■ Source material:
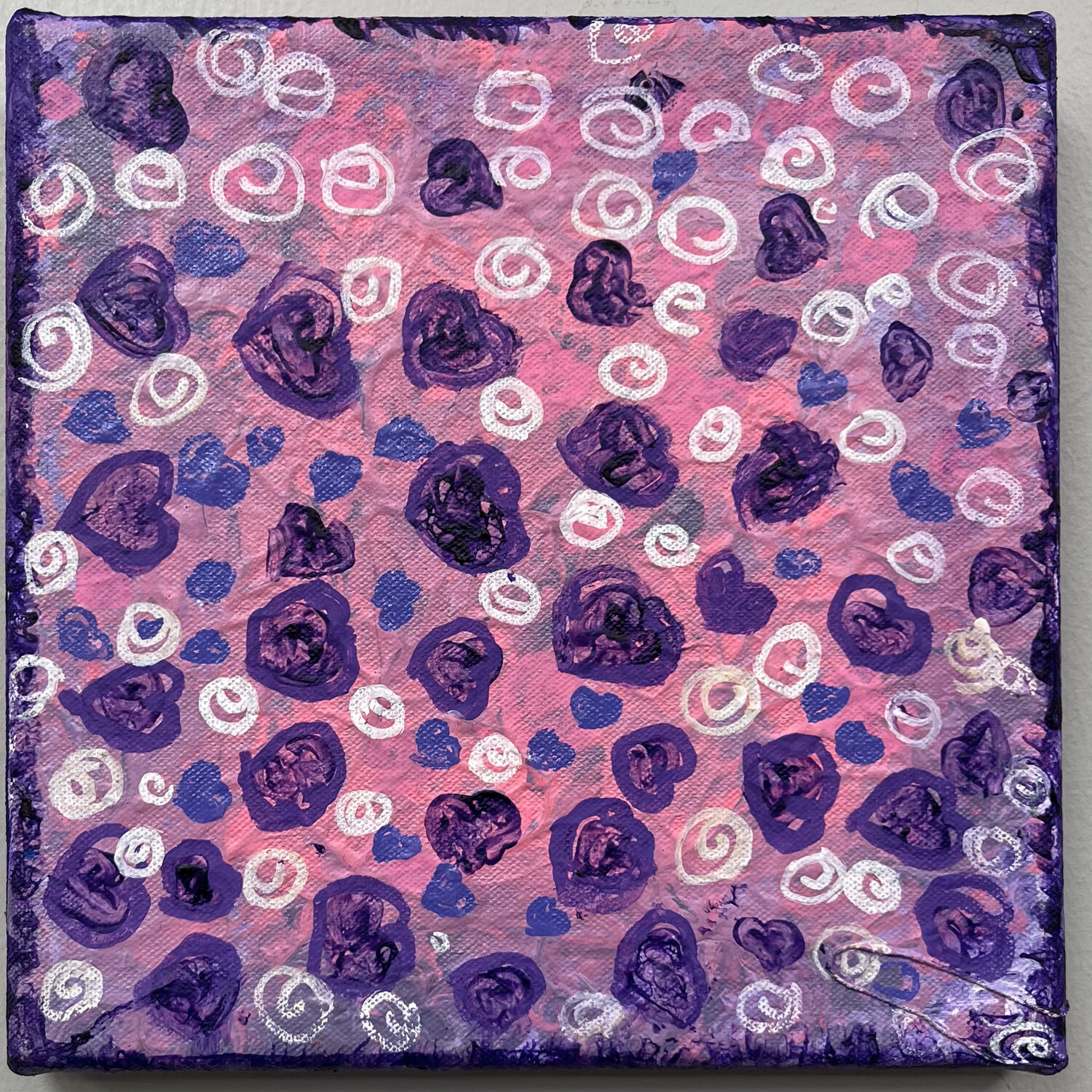 Megan Hill, Purple Hearts, Acrylic on Canvas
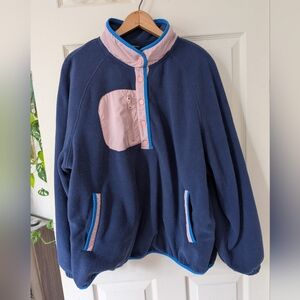 Navy and Pink Fleece Pullover XL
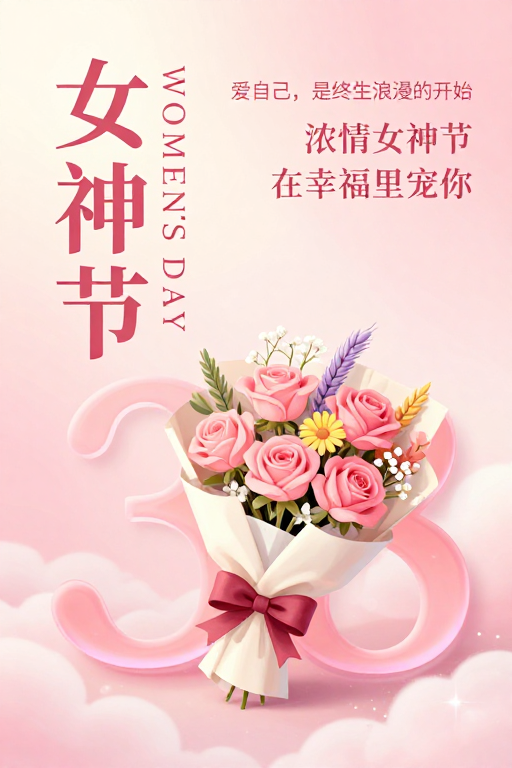 粉色梦幻女神节海报,温馨浪漫的38妇女节艺术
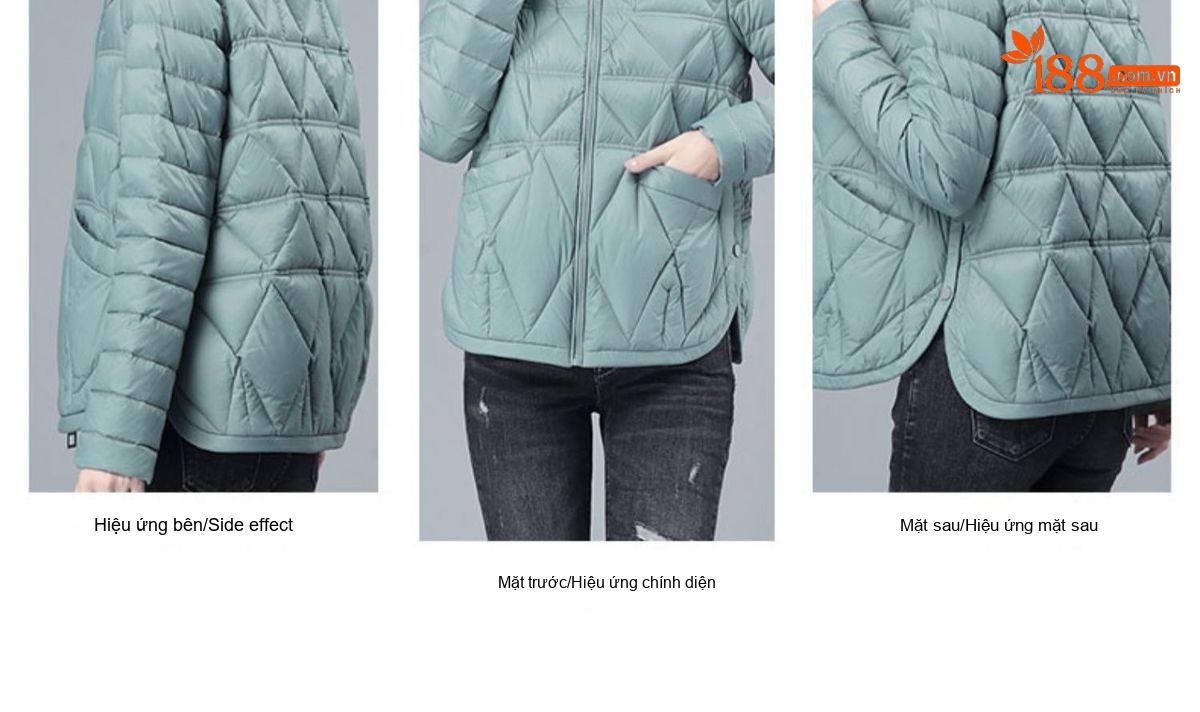 Áo Khoác Phao Nữ Cotton Dáng Ngắn Mỏng Nhẹ Phong Cách Hàn Quốc Màu Xanh, Trắng, Đen chi tiết 5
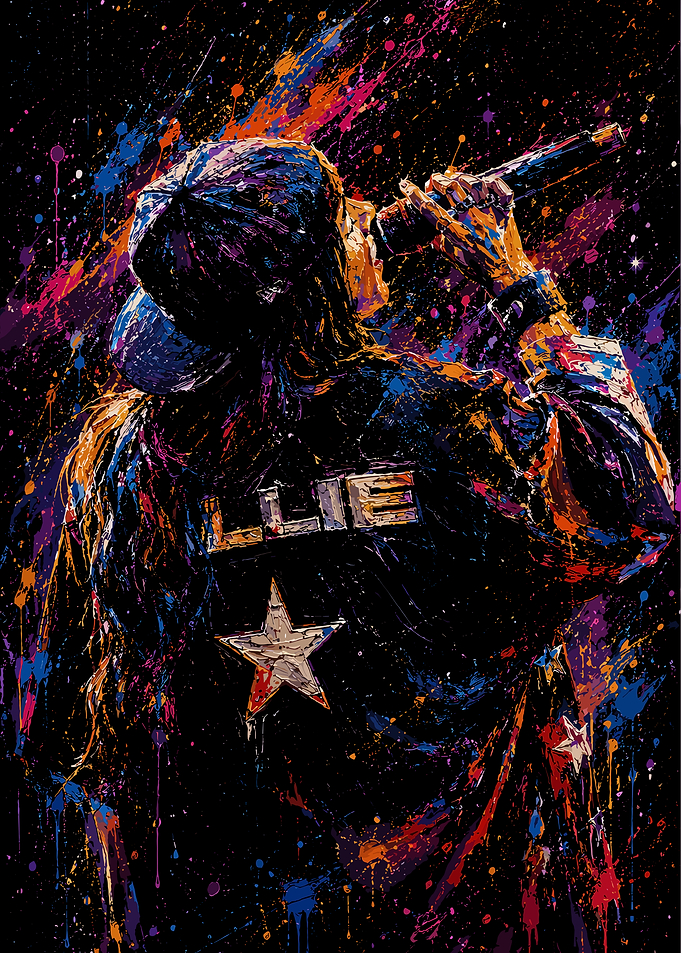 Rapper with Microphone and Star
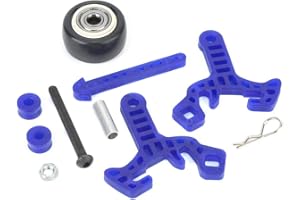 DILWE RC Anti-roll Wheel, ABS+ Plastic Blue RC Wheelie Bar High Speed Anti-roll Wheel Fits for HSP 94108/94111/94188 1/10 Scale Cars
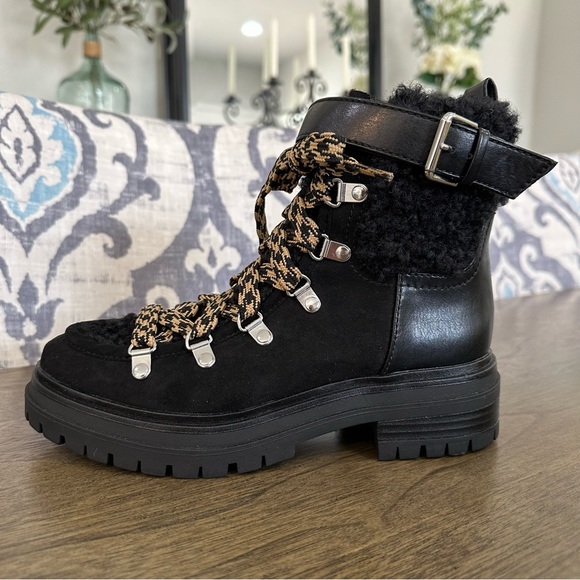 NIB Sam Edelman Gretchen Faux Shearling Trimmed Lace-Up Boot Size 6 - Picture 2 of 16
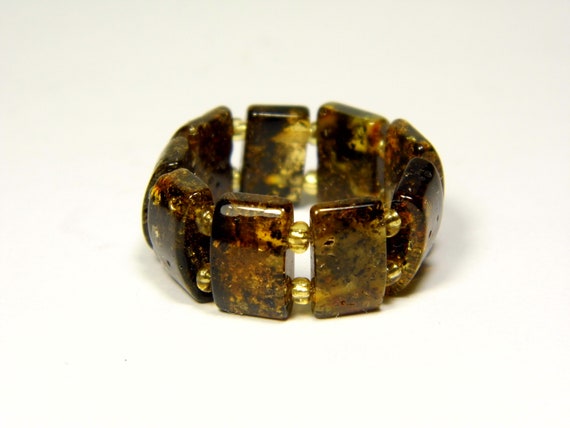 Baltic Amber Ring Size 10 Green Brown Stone Natural Elastic Stretch 5625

■ About this exercise: Nothing but the lines from the one holding "Áo Khoác Phao" through the final line of the entries should be retyped, exactly as they stand and without pictures.

■ Task solution:
 Áo Khoác Phao Nữ Cotton Dáng Ngắn Mỏng Nhẹ Phong Cách Hàn Quốc Màu Xanh, Trắng, Đen chi tiết 5
 Rapper with Microphone and Star
 DILWE RC Anti-roll Wheel, ABS+ Plastic Blue RC Wheelie Bar High Speed Anti-roll Wheel Fits for HSP 94108/94111/94188 1/10 Scale Cars
 NIB Sam Edelman Gretchen Faux Shearling Trimmed Lace-Up Boot Size 6 - Picture 2 of 16
 Baltic Amber Ring Size 10 Green Brown Stone Natural Elastic Stretch 5625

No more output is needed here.